How to Design a Play Room the Whole Family Can Grow Into
Forget everything you previously thought about playrooms and set your eyes on this gorgeous number that melds design savvy pieces with kid-friendly and adult-approved appeal.
The second my husband and I had twins, all semblance of a super cute, totally put together home went right out the window. It's the combo of toy explosion and pure chaos that seems to get in the way but Sean Anderson Design and Alyssa Rosenheck are giving me hope. This play room is proof that pretty decor and a room built for kids can go hand in hand.

Neutralize it!


An important thing to keep in mind when determining the color palette for a space for children is to choose colors that can age well as the children grow, this will eliminate the need for a "redo" down the road. Here, I began with a creamy white, providing a neutral, blank canvas on which to build the space. By avoiding the traditional use of primary colors that are sometimes deemed appropriate for children's spaces, I opted for pale pinks, soft greens, and touches of gold; creating a subtle, sophisticated environment. In addition, the same thought was used when selecting fabrics for the upholstery. By choosing neutral fabrics, it creates a timeless appearance that can be interjected with pops of color for the smaller, less expensive items, such as pillows; items that are easily replaceable or can be swapped out when needed.

Durability is key


Ask any parent and I'll bet they'll agree, when it comes to spaces for the little ones, durability is always near the top of the list of priorities. Here I achieved that in a few different ways: first, I had the Restoration Hardware sofa covered in a perennial fabric. It's indoor/outdoor capability provides not only incredible durability; but, an easy to clean surface- spills no longer create a permanent stain. Also, instead of surrounding the "craft table" with upholstered chairs, I chose acrylic ones. Again, they are easy to clean and eliminate the fear of play-doh permanently embedded in a seat cushion!

Functionality


In design, functionality is always important to remember; but, this takes on extra importance when it comes to designing spaces for children, as these spaces tend to be multi-purpose areas. For this space, there was a desire for both a gathering spot, a place for television viewing, hanging out, etc. And an area to be designated for crafts and homework. I added custom built-ins throughout the room, each section of cabinetry with a distinct purpose in mind. Behind the seating in the gathering spot, wall to wall cabinets were installed to house items like books and blankets.
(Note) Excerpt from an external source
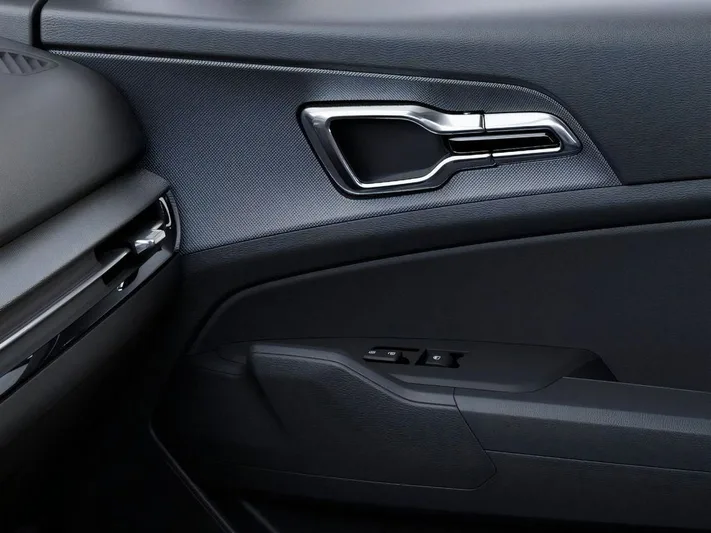 2026 Kia Sportage - view 25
Adjacent to the work station, floor to ceiling cabinetry was added to hold all craft supplies, board games, and miscellaneous toys. This added storage not only provided an answer for where to put such items, it eliminated any excuse for clutter.

Time-honored classics


By anchoring a child's space in some tried and true touches, you immediately create longevity. I did that here by adding elements such as velvet on the sofa and fixtures made of brass, elements generally associated with a more mature aesthetic but that work well when paired with the more playful, youthful moments. Combining the two create that "just right" balance that will last for years to come.

Add a touch of whimsy


It doesn't ALL have to be so serious. Even when attempting a more mature approach, it's important to incorporate some playful touches: whether that be in shapes, like the oversized bulbs that adorn the chandelier or in more artistic ways, like the paper mache animals that decorate the walls. Designing for children, it's essential that the magic never be forgotten.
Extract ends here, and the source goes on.